The goal is to reduce Mean Time to Recovery (MTTR) after a production failure. The scenario involved an extended outage due to a faulty release, which required rollback and a fix. To minimize recovery time, focus on strategies that enable rapid rollback and early issue detection in the release process.
- Option B (Blue/Green Deployment): This strategy maintains two identical production environments (blue for current, green for new). If the new release fails, traffic can be instantly switched back to the stable environment (blue), enabling near-zero-time rollback. This directly reduces MTTR by eliminating redeployment delays.
- Option E (CI Server with Unit Tests): Configuring a CI server to run automated unit tests on every commit catches code defects early in the development cycle.
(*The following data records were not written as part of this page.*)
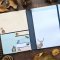 Things To Do Folder/Sticky Notes - Patricia Maccarthy Wildlife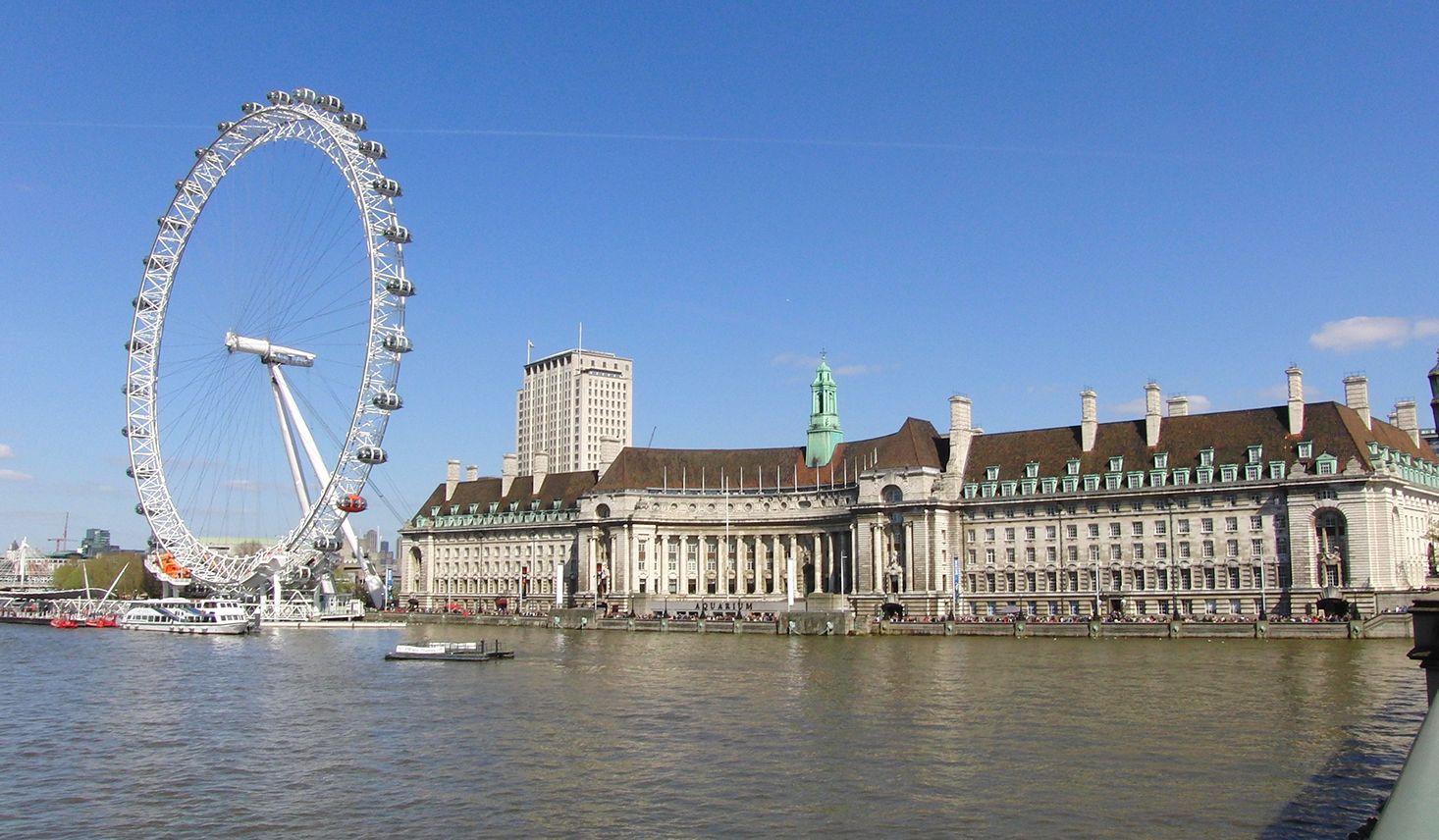 summer in the city… at last!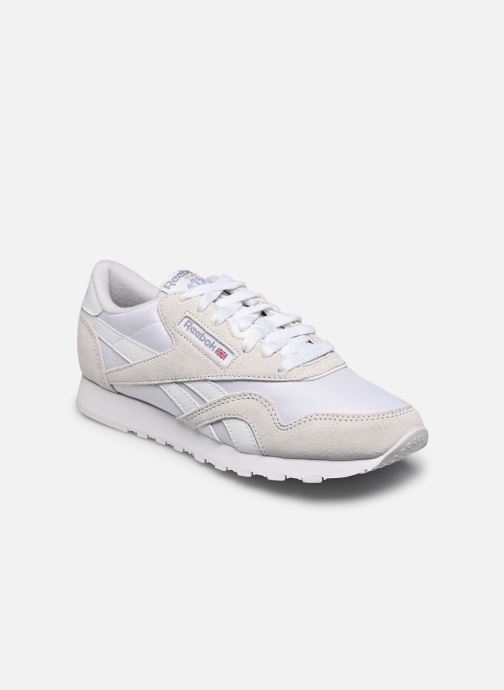 Baskets Reebok Cl Nylon W pour Femme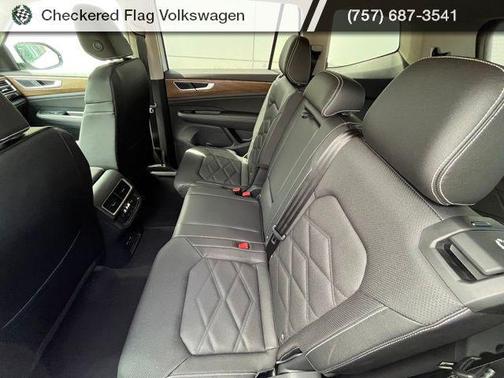 2026 Volkswagen Atlas 2.0T SE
While this primarily prevents issues, it reduces the likelihood of failures reaching production. If a failure still occurs, the CI pipeline accelerates diagnosis by providing immediate feedback, indirectly supporting faster recovery through quicker issue identification.
Other options are less effective for MTTR reduction:
- Option A (Peer Code Reviews): Focuses on prevention by improving code quality but does not speed up recovery once a failure occurs in production.
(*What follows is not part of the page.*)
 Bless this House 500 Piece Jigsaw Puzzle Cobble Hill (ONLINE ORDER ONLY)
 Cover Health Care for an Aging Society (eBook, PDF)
- Option C (Code Linting): Enforces coding standards for prevention but does not address functional failures or recovery speed.
- Option D (Local Integration Tests): Relies on developers to manually run tests in inconsistent local environments, which is unreliable and does not ensure production-like validation. It lacks automation for rapid feedback.
Thus, B and E are the best choices: B for immediate rollback capability, and E for early defect detection to reduce failure frequency and aid recovery efficiency.